Identity Resolution: Data Warehouse vs. Customer Data Platform

Learn how identity resolution occurs in data warehouses vs. customer data platforms and which one is right for your business.

Best Practices
August 15, 2022
Image of Arpit Choudhury
Arpit Choudhury
Founder, astorik
Identity Resolution

Everybody wants a single source of truth for customer data, but what it entails depends on who you’re asking.

Sure, the data warehouse is a “single store” for customer data collected across multiple sources; however, in the absence of identity resolution, the data is only half-true. Building a unified view of customer activity from the data is anything but trivial—those tasked with it can attest to the complexities involved in getting it right.

Moreover, the definition of identity resolution also varies from business to business—for certain industries, solving for identity resolution is a subset of a broader entity resolution problem.

Identity resolution, as the name suggests, refers to the identity of a person—an individual user or customer who is one of the several entities that a business deals with. Some of the others are accounts, products, suppliers, vendors, partners, and resellers.

In this guide though, I want to delve a little deeper into identity resolution and describe the systems where it takes place, the differences between automated and manual identity resolution, and the benefits of deterministic over probabilistic matching.

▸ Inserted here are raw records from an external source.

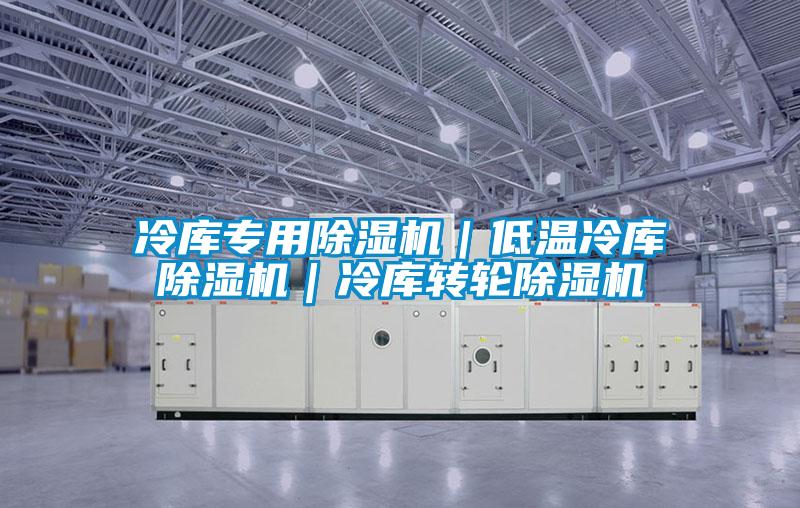 冷庫專用除濕機|低溫冷庫除濕機|冷庫轉輪除濕機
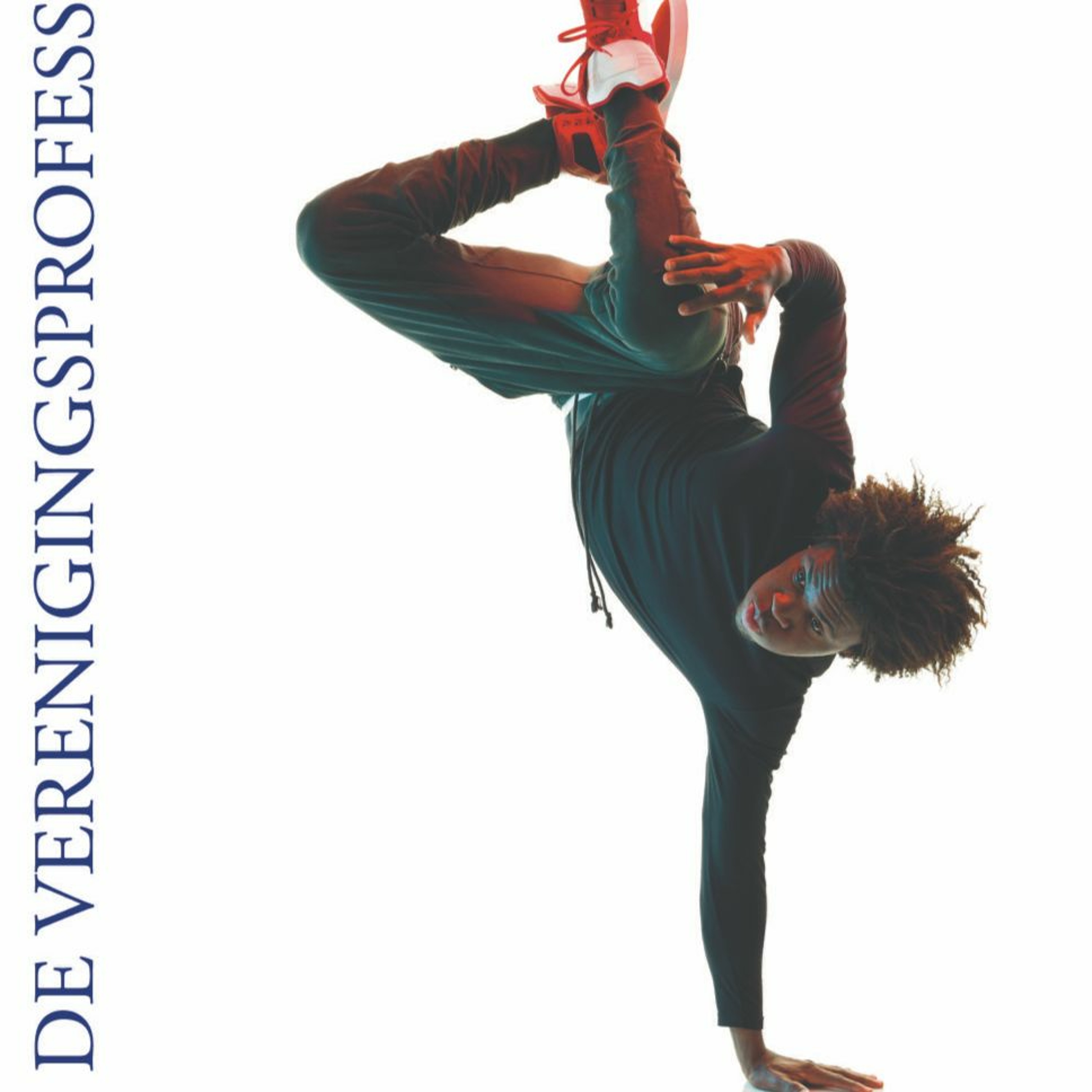 VP de Verenigingsprofessional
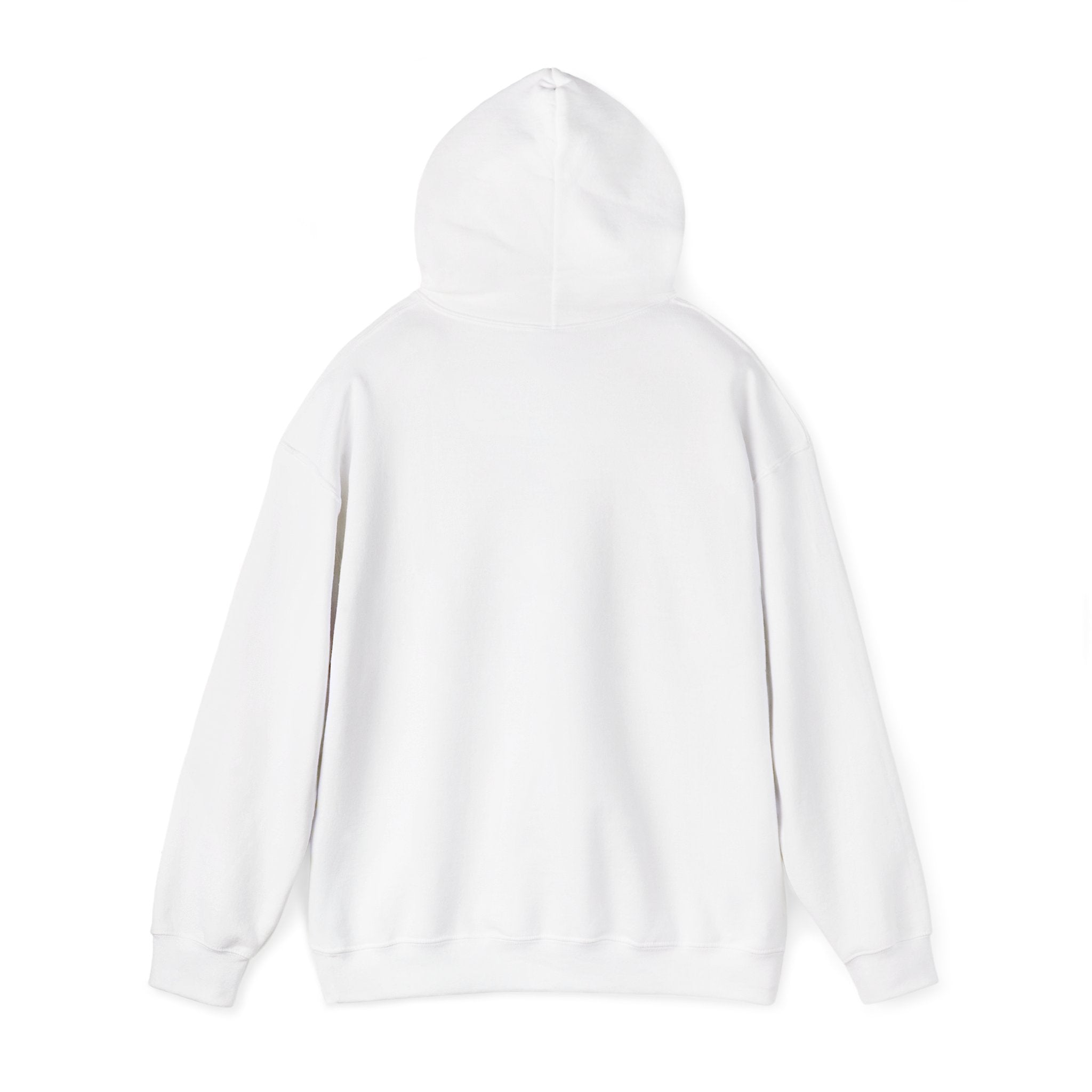 Sweat à capuche graphique SkAmina Lion, sweat-shirt unisexe en mélange lourd, vêtements décontractés confortables, cadeau pour les amoureux du lion, style streetwear, pull confortable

Identity resolution: Where and how it happens

Identity resolution, as you probably already know, is the process of unifying user (or customer) records that are captured across multiple sources (or touchpoints).

But where does this process take place? Who performs the unification? How is the data captured and stored? And what are the prerequisite data points to make it all possible?

It’s important to have answers to these questions before investing in an identity resolution endeavor.

Data warehouse (DWH)

Bill Inmon, known as the father of the data warehouse, recently wrote an article titled “What A Data Warehouse Is Not” where he debunks popular myths regarding what a data warehouse is—it’s a fascinating read and I highly recommend it if you want to gain a deeper understanding of what’s happening in the world of data warehousing.

The data warehouse, in its typical form, is a cloud database that stores customer data from disparate sources and is used for analytic workloads.

Before identity resolution can happen, one has to ensure that data from first-party data sources—apps, websites, or smart devices—is made available in the data warehouse, which is typically done using an internal or external customer data infrastructure (CDI) solution. What data is collected and how it is stored is important as identity resolution relies on a set of identifiers (IDs) that are used to match and merge user records originating across multiple sources.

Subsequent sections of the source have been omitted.